I don’t have to tell you that the current nationwide recession is hurting millions of people across the country. With almost 10% of Americans unemployed and looking for work, states starting their fiscal years with huge deficits, and the federal government dealing with years of being overstretched financially, so many suffering families need help making ends meet. That includes families involved in the too often unfair, out of control child support system.
But, at least for some, there is hope. Yesterday, I spotted this article from the San Antonio Express-News. Apparently, Bexar County in that state is known for locking up more “deadbeat dads” than any other county in Texas. According to the article, it also “has one of the most effective job programs in the state for low- or no-income parents who want to work.”

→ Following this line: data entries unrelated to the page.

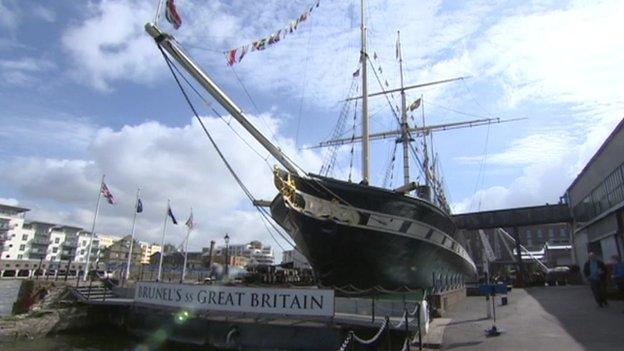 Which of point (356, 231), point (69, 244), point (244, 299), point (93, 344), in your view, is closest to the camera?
point (244, 299)

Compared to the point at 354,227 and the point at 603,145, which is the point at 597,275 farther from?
the point at 603,145

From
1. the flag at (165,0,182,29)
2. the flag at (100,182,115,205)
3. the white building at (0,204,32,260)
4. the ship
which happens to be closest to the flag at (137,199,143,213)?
the flag at (100,182,115,205)

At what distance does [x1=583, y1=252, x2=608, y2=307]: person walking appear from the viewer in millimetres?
12812

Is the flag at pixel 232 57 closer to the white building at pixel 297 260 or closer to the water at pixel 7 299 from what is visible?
the water at pixel 7 299

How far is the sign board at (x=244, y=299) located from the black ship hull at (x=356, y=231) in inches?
180

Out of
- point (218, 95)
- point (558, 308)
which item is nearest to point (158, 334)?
point (218, 95)

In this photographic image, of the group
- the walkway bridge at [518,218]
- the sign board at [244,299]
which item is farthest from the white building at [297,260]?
the sign board at [244,299]

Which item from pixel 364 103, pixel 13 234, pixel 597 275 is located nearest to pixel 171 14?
pixel 364 103

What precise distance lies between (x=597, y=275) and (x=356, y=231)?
297 inches

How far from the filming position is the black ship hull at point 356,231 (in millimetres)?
16344

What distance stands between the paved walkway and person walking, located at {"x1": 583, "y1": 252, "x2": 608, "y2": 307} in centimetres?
33

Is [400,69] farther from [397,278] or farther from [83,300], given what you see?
[83,300]

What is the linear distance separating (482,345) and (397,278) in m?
8.62

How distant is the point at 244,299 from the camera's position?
12.3 metres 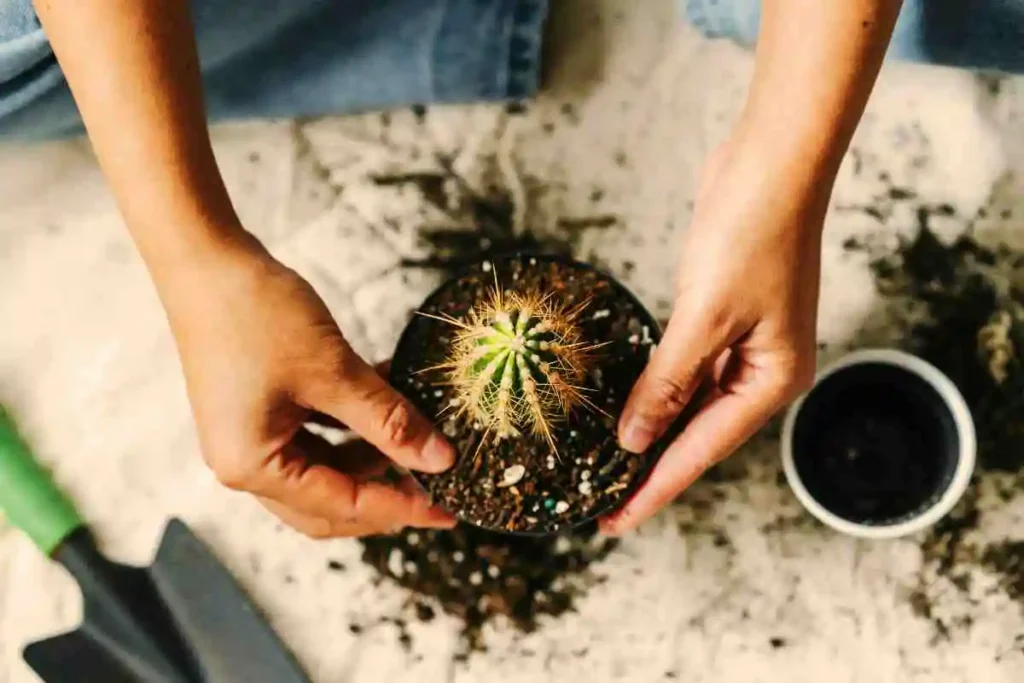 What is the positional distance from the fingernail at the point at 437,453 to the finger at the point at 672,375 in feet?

The article from Craig Kapitan tells the story of Howard Wilson, an unemployed cook who was due to begin paying child support for his newborn daughter. Like many others during this recession, he had been having a tough time finding a job since the Denny’s where he worked closed a few months earlier. Lucky for him, though, Wilson was able to enter and take part in Bexar County’s NCP Choices program. That program, a collaboration between the Texas attorney general’s office and the Texas Workforce Commission, was implemented in 2005 for parents on public assistance who have fallen behind on their child support commitments. Last February, it was expanded to include parents new to the child support system who are at risk of not making those payments. Thanks to this program and that expansion to include people like Wilson, he found a job and was back making child support payments in as little as two weeks.
This program has been effective not just because it helps people like Howard Wilson (with roughly 200 participants enrolled), but also because it is cost-effective for the state. While other states are wasting valuable time and resources rounding up and imprisoning unemployed “deadbeat dads” who want to work and only recovering cents on the dollar in return, the 17 NCP Choices programs in Texas have collected an estimated $3 in child support for every $1 spent. Enrollees in these programs get what they need to find new jobs, and in return, they must do 30 hours per week of job searching while staying in touch with a career counselor.
I was excited to see that in this economy, a government entity is teaming with a nonprofit to do something to actually create and preserve jobs, as the article reports that the Cadena Reeves Justice Center, where participants receive their services, offers subsidized employment to help employers keep their newly placed employees. Also notable in the article are the quote from Betty Lopez, who helps run the Bexar County program, and the statement from child support court Judge James Rausch. While Betty points out that these programs, “offer judges an out, instead of putting them (parents) in jail,” Judge Rausch appears to look at these NCP Choices programs as a tool to make noncustodial parents get jobs with his statement, “A lot of these guys will say, ‘I can’t find a job.’ This allows us to respond, ‘Well here is a job.” It appears that no matter which side of the court reform argument one is on, the NCP Choices program looks like a good one.
I do realize that not every American is Howard Wilson. Not everyone has as positive a relationship with his child’s mother (the article points out that he is now engaged to the mother of his child), not every job market is as friendly to job seekers as the one that Wilson found, and not everyone fits what are surely narrow guidelines for inclusion in programs like these–in short, there are millions of ‘unemployed child support obligor’ stories ends as prettily as this one. I am not so naive as to think that a program like NCP Choices solves all of the problems involved in child support arrearages caused by periods of un- or underemployment. It is important to note, however, that, at least some governmental and nongovernmental organizations are enlightened enough to look beyond the ‘deadbeat dad’ label to see what can be done to help prevent the family tragedies that too often result from thoughtlessly enforced child support orders. If only there were more!